What about sawdust? Not taking any part in chemical reactions, they at the same time play a very important role. Greedily absorbing water, sawdust slows down the course of reactions, stretches the work of the heating pad in time. In addition, wood has a fairly low thermal conductivity: it kind of accumulates the released heat and then constantly gives it away. In a tightly sealed container, heat is retained for at least two hours.

And the last remark: the bank, of course, is not the best vessel for a heating pad. We only needed it for demonstration purposes. So think for yourself about the shape and material for the tank in which to place the heating mixture.

When hiking, fishing, especially in bad weather, there is often a need for an ordinary heating pad.

When hiking, fishing, especially in bad weather, there is often a need for an ordinary heating pad. Of course, ordinary rubber is also good, but it has one significant drawback: water is heated very slowly for it at the stake. Let's try to make a chemical heating pad. To do this, we need the most common reagents.

When hiking, fishing, especially in bad weather, there is often a need for an ordinary heating pad. Of course, ordinary rubber is also good, but it has one significant drawback: water is heated very slowly for it at the stake.

Let's try to make a chemical heating pad. To do this, we need the most common reagents.

Let's start with a simple experiment. Go to the kitchen and take a pack of table salt. However, you don't need a pack. 20 g (2 teaspoons) will be enough. Then look into the locker, where all kinds of household preparations and materials are stored. Surely there was preserved after the repair of the apartment a little copper sulphate. It will need 40 g (3 teaspoons). Wood chips and a piece of aluminum wire, presumably, will also be found. If so, you're all set. Pound vitriol and salt in a mortar so that the size of the crystals does not exceed 1 mm (of course, by eye). Add 30 g (5 tablespoons) of sawdust to the resulting mixture and mix thoroughly. Bend a piece of wire with a spiral or snake, put it in a mayonnaise jar. Pour the prepared mixture there so that the backfill level is 1-1.5 cm below the neck of the jar. The heating pad is in your hands. To put it into action, it is enough to pour 50 ml (a quarter cup) of water into a jar. After 3-4 minutes, the temperature of the heating pad will rise to 50-60°C.

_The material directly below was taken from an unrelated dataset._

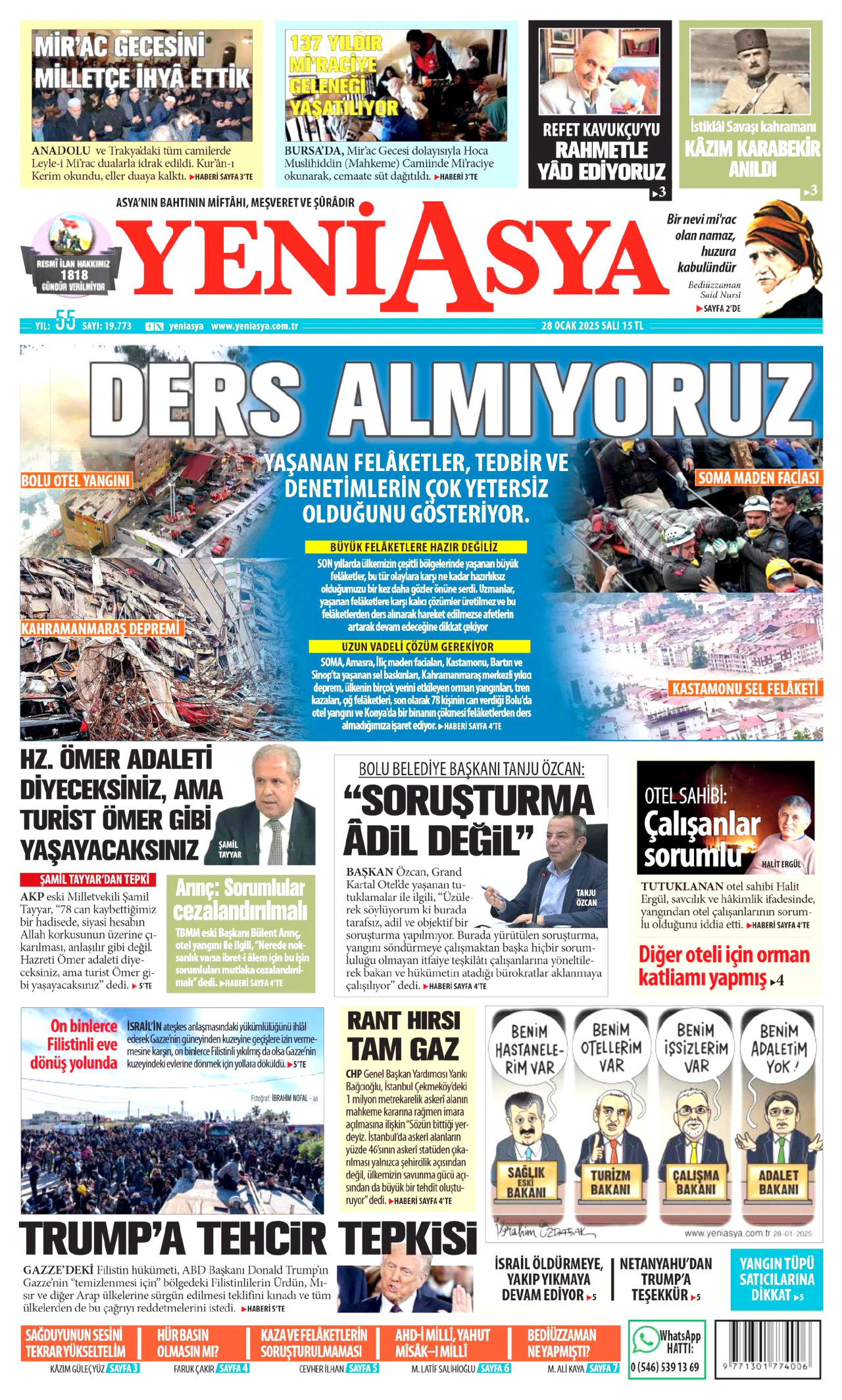 YENİ ASYA gazetesinin 28 Ocak 2025 tarihli birinci sayfası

Where does the heat come from in the jar, and what role does each of the components play? Let's look at the reaction equation:

CuSO4+2NaCl > Na2SO4+CuCl2

As a result of the interaction of copper sulfate with common salt, sodium sulfate and copper chloride are formed. It is she who interests us. If we calculate the heat balance of the reaction, it turns out that the formation of one gram-molecule of copper chloride releases 4700 calories of heat. Plus, the heat of dissolution in the initial resulting preparations is 24,999 calories. Total: Approximately 29,600 calories.

Immediately after formation, copper chloride interacts with aluminum wire:

2Al+3CuCl2 > 2AlCl3+3Cu

In this case, approximately 84,000 calories are released (also in terms of 1 g-mol of copper chloride).

As you can see, as a result of the process, the total amount of heat released exceeds 100,000 calories per gram-molecule of the substance. So there is no mistake or deceit: the heating pad is real.

What about sawdust? Not taking any part in chemical reactions, they at the same time play a very important role. Greedily absorbing water, sawdust slows down the course of reactions, stretches the work of the heating pad in time. In addition, wood has a fairly low thermal conductivity: it kind of accumulates the released heat and then constantly gives it away. In a tightly sealed container, heat is retained for at least two hours.

And the last remark: the bank, of course, is not the best vessel for a heating pad. We only needed it for demonstration purposes. So think for yourself about the shape and material for the tank in which to place the heating mixture.